Promoters selling structured settlement payment rights intentionally mislabeled annuities, may be duping investors into believing that the "annuity imposters" may enable the investor to receive State Guaranty Fund coverage in the event the underlying insurer
is liquidated . Usually the promoter's sales pitch includes the weak disclaimer that "they make no promises in this regard". It's like " you didn't hear it from me but..."
The June 2020
State Legislative Brief published by the National Association of Insurance Commissioners ("NAIC") stated that "the guaranty association system ensures that consumers can purchase insurance products with the knowledge that their coverage will be protected in the event of a future company failure or insolvency. In order to ensure policyholders are adequately protected from such failures, in December 2017, the NAIC adopted revisions to the NAIC Life and Health Insurance Guaranty Association Model Act (#520) to address issues and concerns with guaranty fund coverage and assessments for any future Long Term Care Insurance (LTCI) insolvencies.Industry groups support these amendments and worked cooperatively with regulators on them".
Section 3 A (5) of the Life and Health Insurance Guaranty Association Model Act (#520) states:
This Act shall not provide coverage to :
(a) A person who is a payee (or beneficiary) of a contract owner resident of this State, if the payee (or beneficiary) is afforded any coverage by the association of another State; or
(b) A person covered under Paragraph (3) of this subsection, if any coverage is provided by the association of another State to the person; or
(c) A person who acquires rights to receive payments through a structured settlement factoring transaction as defined in 26 U.S.C. 5891(c)(3)(A),
regardless of whether the transaction occurred before or after such section became effective.

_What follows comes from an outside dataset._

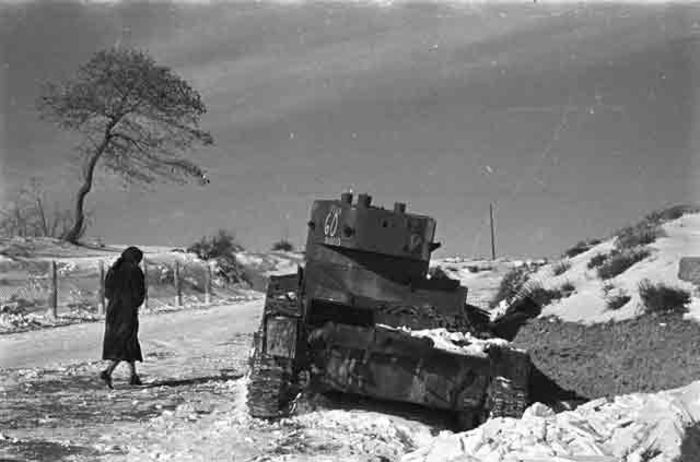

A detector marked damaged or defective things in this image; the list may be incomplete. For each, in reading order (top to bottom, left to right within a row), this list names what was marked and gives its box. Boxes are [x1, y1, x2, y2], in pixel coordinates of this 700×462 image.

damaged tank turret [249, 192, 528, 430]
destroyed vehicle [249, 192, 528, 430]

AS of August 2023, 40 states have adopted the new revisions ( AK, AR, AZ, CT, DE, FL, IA, ID, IL, IN, KY, LA, MD, ME, MN, MO, MS, MT,NC,ND,NE,NH, NJ, NV,OK,SC,TN,TX,UT,VA, WA, WV, WY. District of Columbia and others
Some settlement planners have actively pushed (some are actively pushing) factored structured settlement payment streams to plaintiffs in personal injury settlements, through independent assignment companies or investments for the plaintiff's Settlement Preservation Trusts, and to trial lawyers for attorney fee deferrals . In a June 17, 2013 settlement petition to an Arizona court, which I reported about on my Structured Settlement Watchdog blog, I reported how a settlement planner had apparently advocated for the use of what is mislabeled " secondary market annuities" for a minor Arizona plaintiff, to compete with structured settlement annuities
. I opined in my commentary, that structured settlement payment rights, which are not annuities (and not regulated insurance products), and were represented to an Arizona judge as 'annuities", is misleading to the Court. The original petition in the matter of In Re Conservatorship of T.S. 1300GC2013 00063 Superior CT AZ Yavapai County also falsely stated to the court that annuities issued from the secondary market are issued by Liberty Mutual. Saw a similar thing on a qualified assignment in a New York case where the purported "qualified assignment" said the annuity issuer was MetLife. Acquired structured settlement payment rights are not annuities and therefore the statement is false on its face. Even, if arguendo the statement were true, Liberty did not issue annuities in the secondary market.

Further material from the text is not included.